• _Exercise requirements_
Go to the line with "机动车驾驶离高速公路时应当开启什么灯?-有驾 机动车驾驶" in the material below and copy from there through the line with "A public bath", exactly. Pictures are not copied.
━━━━━ Input
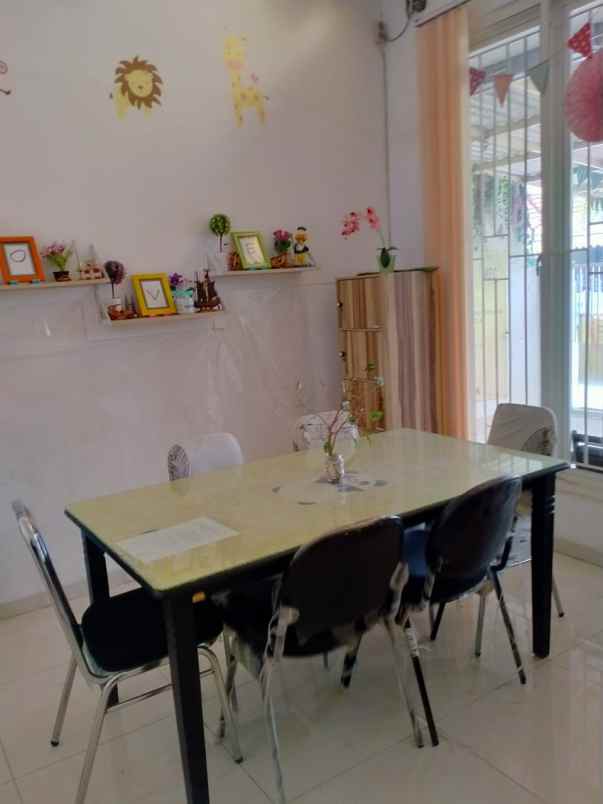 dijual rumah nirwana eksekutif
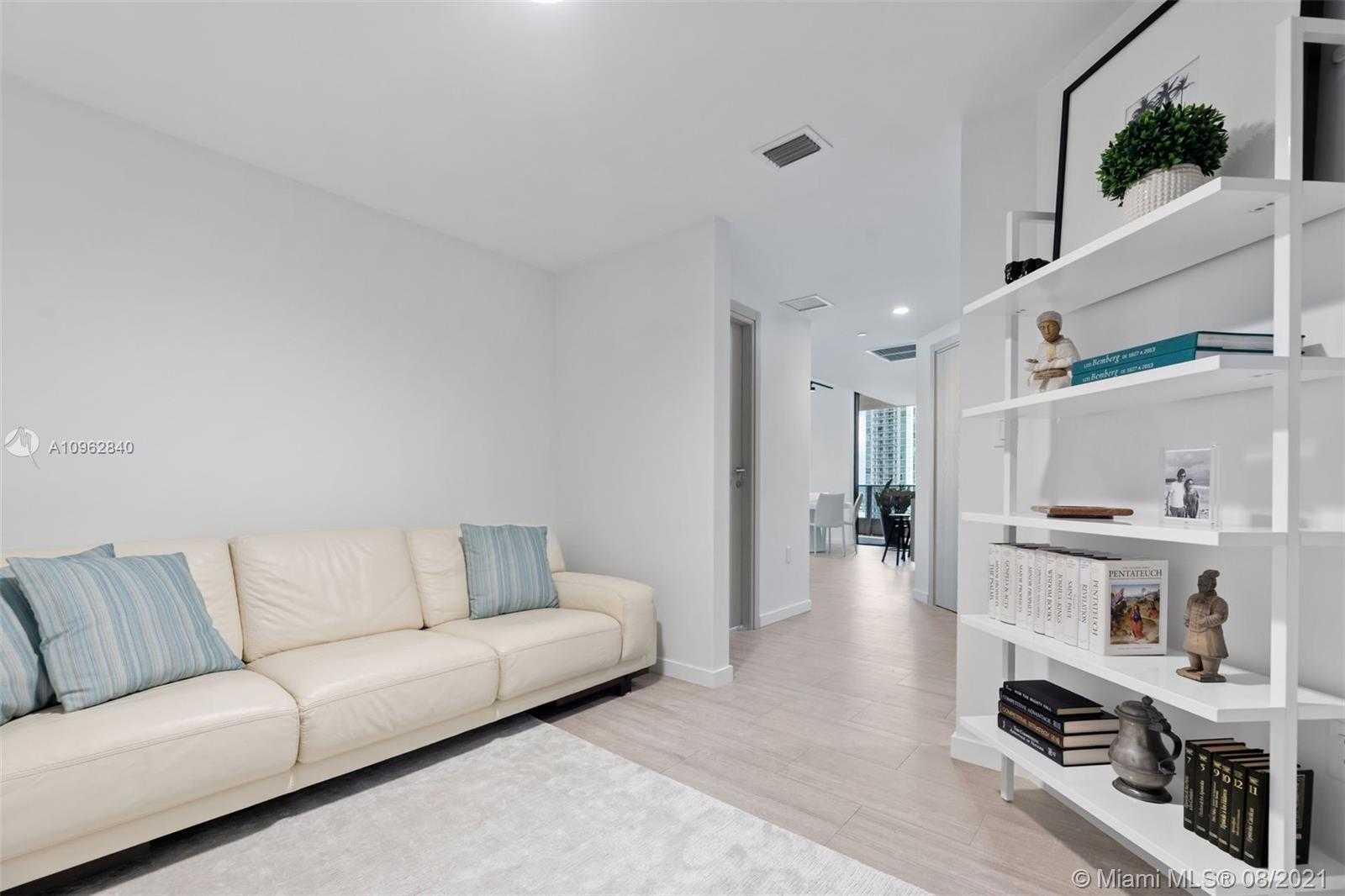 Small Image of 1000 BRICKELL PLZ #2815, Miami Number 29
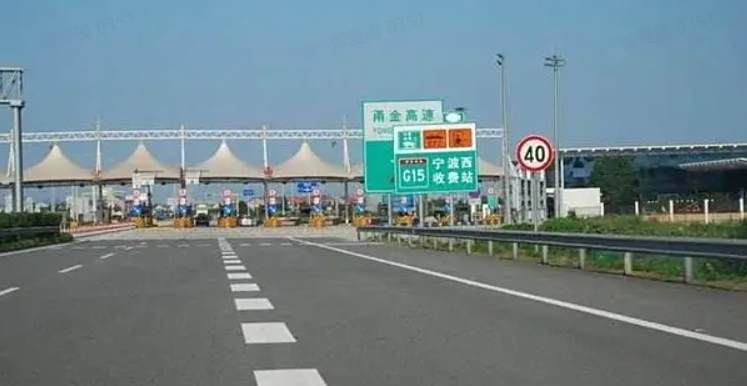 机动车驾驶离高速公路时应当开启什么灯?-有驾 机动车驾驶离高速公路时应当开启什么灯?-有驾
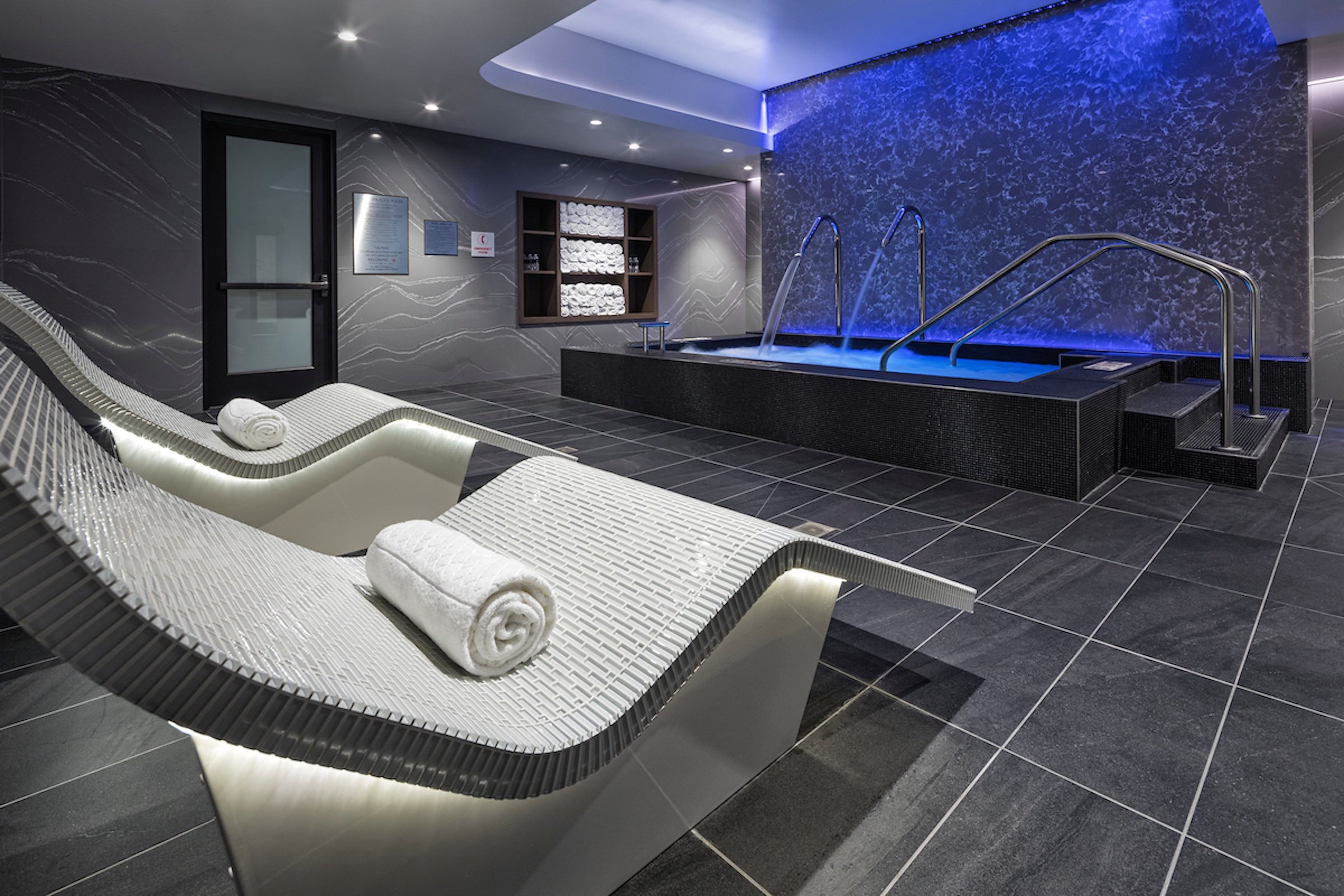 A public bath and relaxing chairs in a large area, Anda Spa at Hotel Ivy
━━━━━━━━━━
━━━━━ Input
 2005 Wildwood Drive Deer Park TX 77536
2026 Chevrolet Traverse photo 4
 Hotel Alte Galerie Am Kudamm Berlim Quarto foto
━━━━━━━━━━
• _Result_
 机动车驾驶离高速公路时应当开启什么灯?-有驾 机动车驾驶离高速公路时应当开启什么灯?-有驾
 A public bath and relaxing chairs in a large area, Anda Spa at Hotel Ivy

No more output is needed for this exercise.